Artists on Artists
Osman Can Yerebakan’s Daily Dispatch | December 7, 2019
“But, what do artists think about their colleagues’ works?” I asked myself, and stopped two artists, painter Tsibi Geva and photo-collagist Sheida Soleimani, during their fair rush to ask them favorite artworks from UNTITLED, except their own, of course.

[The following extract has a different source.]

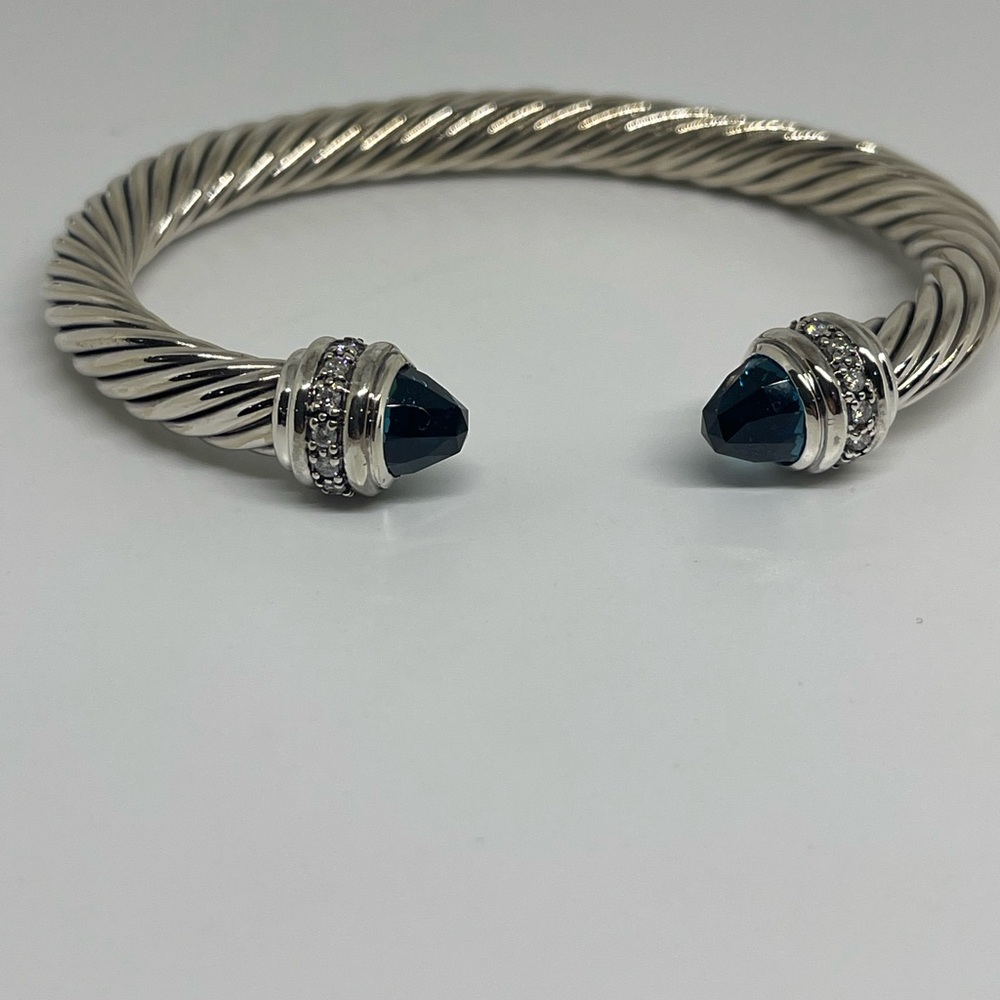 David Yurman Bracelet Sterling Silver with Hampton Blue Topaz and Diamonds, 7mm - Picture 2 of 10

Albertz Benda exhibits Geva’s abstract paintings of gestural brushstrokes in bold tones of red, yellow and brown, prior to his solo exhibition at the gallery’s Chelsea space on January 9. Geva draws cues from architecture and landscapes maimed by sociopolitical conflict and human disruption; his fluid lines and bold splashes vaguely recall façades resisting collapse or occasionally bodies trapped in awe. When I asked Geva what caught his eyes across the booths, he pointed L.A.’s Nino Mier Gallery, where abstraction appears on canvas in a different direction, in pastel tones and airier compositions of paintings by Jana Schröder and Andreas Breunig. The husband and wife duo created another version of their Kunsterverein Heppenheim exhibition, VOTE!, in which their large scale radiant paintings appear on opposite sides of the space and viewers place their votes for “the better painting” into a ballot box. Geva’s dense visual approach to political turmoil, particularly in Israel and Palestine, are rendered for Europe’s current uncertain social landscape in the duo’s whimsical forms and festive colors on white or yellow backdrops. Geva points out Breunig’s freeform hand gestures in Hi_LoRes No83, which recalls touchpad painting experiments on electronic devices with vivid marks of brushstrokes in close inspection.
Soleimani exhibits Italy & Libya, a photograph from her newest series, Reparations Packages, at London gallery Edel Assanti’s booth, continuing her ongoing interest in theatricality and collage in photography with a humorous approach to political economy. Using immersive backdrops and cutout images from a variety of sources, the artist builds colorful and tongue-in-cheek interpretations of political tensions and agreements between the west and east, such as her displayed work that interprets the reparations package signed by Silvio Berlusconi and Muammar Gadaffi governments for the restitution of the headless marble statue “Venus of Cyrene,” looted during the Italian colonization of Libya. Soleimani’s pick is Martin Dudek’s Lyrics of a Well Known Song at Brussels gallery Harlan Levey Projects, which recently won UNTITLED’s Acquisition Prize. The Polish artist uses acrylic paint, image transfer, and cloth tape on wooden panel to convey a blend of intertwined images and references, similar to fluid memories blended into unclarity. “I’m in a firm believer that images shouldn’t offer you an answer upon immediate glance, but that we should work to deconstruct images slowly to understand them,” told me Soleimani, who is amazed by Dudek’s abstraction of photograph of his teenage self to “to question the hierarchy of power and violence, as well as how we read and construct images.” Dudek, similar to Soleimani, subverts photographs’ documentary nature and unearths images’ innate relation to memory and history.